Wisdom on Sugarpacks; now on Post-its

I’m an avid notetaker, and have been that way for many years. Like taking notes on my dry cleaning slips in 2007, or table mats, or ticket stubs, and tons of sugar packets.

By working from home, I’ve gotten more civil and just use regular ole post-its. At random times. Just like everyone else out there :+).

Notes to Self (with attribution)

via Karin Giefer

Management Tryptic:

  • Prioritize
  • Collaborate
  • Celebrate

Observation Tryptic:

  • Incidence
  • Coincidence
  • Trend

Rumsfeld-ism:

  • “You know you are a politician if you change the way you tell a story with different people.”

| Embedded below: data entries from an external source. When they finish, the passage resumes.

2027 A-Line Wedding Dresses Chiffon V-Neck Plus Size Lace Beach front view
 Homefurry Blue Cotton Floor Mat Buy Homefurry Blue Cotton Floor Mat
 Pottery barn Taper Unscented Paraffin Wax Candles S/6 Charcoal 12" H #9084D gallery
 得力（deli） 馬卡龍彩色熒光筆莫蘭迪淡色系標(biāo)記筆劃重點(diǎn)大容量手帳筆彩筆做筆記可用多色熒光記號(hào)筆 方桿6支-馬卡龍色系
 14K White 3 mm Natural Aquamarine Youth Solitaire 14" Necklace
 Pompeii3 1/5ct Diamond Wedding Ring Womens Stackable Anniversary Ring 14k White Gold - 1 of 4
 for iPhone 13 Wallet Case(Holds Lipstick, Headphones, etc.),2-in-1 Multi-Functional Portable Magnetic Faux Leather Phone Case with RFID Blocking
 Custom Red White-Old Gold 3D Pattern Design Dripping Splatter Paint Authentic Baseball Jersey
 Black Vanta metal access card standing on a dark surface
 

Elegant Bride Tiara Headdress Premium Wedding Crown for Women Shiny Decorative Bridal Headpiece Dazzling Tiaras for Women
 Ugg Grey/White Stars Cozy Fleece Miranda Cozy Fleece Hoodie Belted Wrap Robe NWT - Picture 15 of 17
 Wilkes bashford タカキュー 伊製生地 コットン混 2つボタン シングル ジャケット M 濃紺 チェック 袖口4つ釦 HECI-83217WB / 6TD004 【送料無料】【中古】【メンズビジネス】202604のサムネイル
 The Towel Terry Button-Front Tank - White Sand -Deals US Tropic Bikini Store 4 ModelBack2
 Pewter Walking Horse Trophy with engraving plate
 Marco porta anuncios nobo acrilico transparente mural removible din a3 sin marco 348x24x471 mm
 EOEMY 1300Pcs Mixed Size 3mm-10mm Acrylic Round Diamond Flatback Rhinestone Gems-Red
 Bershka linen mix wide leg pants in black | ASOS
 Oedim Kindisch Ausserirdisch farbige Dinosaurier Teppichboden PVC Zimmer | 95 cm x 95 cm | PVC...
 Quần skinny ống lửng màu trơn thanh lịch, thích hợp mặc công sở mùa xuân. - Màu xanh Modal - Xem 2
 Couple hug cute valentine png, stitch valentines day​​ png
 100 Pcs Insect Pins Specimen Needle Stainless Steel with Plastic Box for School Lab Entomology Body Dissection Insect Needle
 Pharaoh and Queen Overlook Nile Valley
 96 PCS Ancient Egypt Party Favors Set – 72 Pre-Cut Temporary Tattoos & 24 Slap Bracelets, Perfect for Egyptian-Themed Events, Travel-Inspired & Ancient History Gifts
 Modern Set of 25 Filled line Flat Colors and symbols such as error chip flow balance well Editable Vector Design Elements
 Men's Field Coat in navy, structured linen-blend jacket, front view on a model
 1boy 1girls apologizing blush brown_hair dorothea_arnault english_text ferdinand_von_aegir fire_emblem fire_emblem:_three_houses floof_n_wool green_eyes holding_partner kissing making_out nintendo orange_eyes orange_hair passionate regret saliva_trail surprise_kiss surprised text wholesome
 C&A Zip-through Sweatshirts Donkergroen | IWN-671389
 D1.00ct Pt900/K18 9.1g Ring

    (I was lucky to learn this true-ism early in life, so I always share the same information with everyone.)

via Sarah Gold

“Stop bringing education to an incentives fight.”

—Sarah Gold
  • “Data where organizations (that collect it) can benefit the public. What would collective consent be like?”

Anonymous Provenance

  • What’s your hypothesis and how will you measure its impact? Impact will be measured as either: high risk versus high reward
  • When delivering bad news, remember that tone is more important than words. Be empathetic, but not apologetic.
  • People are protectionist because they want to keep what they have and not lose it. They often don’t want to share because they’ve worked too hard to earn it.
  • Advice given to me when working with strongly male, French companies (caution: this is highly overgeneralized): “They never admit they are wrong, and they’re never going to say they’re sorry.” One could say a lot about many cultures being like that, and not just the French (wink).
  • Sometimes getting 5% of the wrong people interested is much worse than getting 2% of the right people interested.
  • Consider how emotional, brave decisions get overvalued when compared with smart, rational decisions. This is like having one of two compasses — one that either is a bling bling jackpot machine versus one that is an accurate star chart with which to navigate.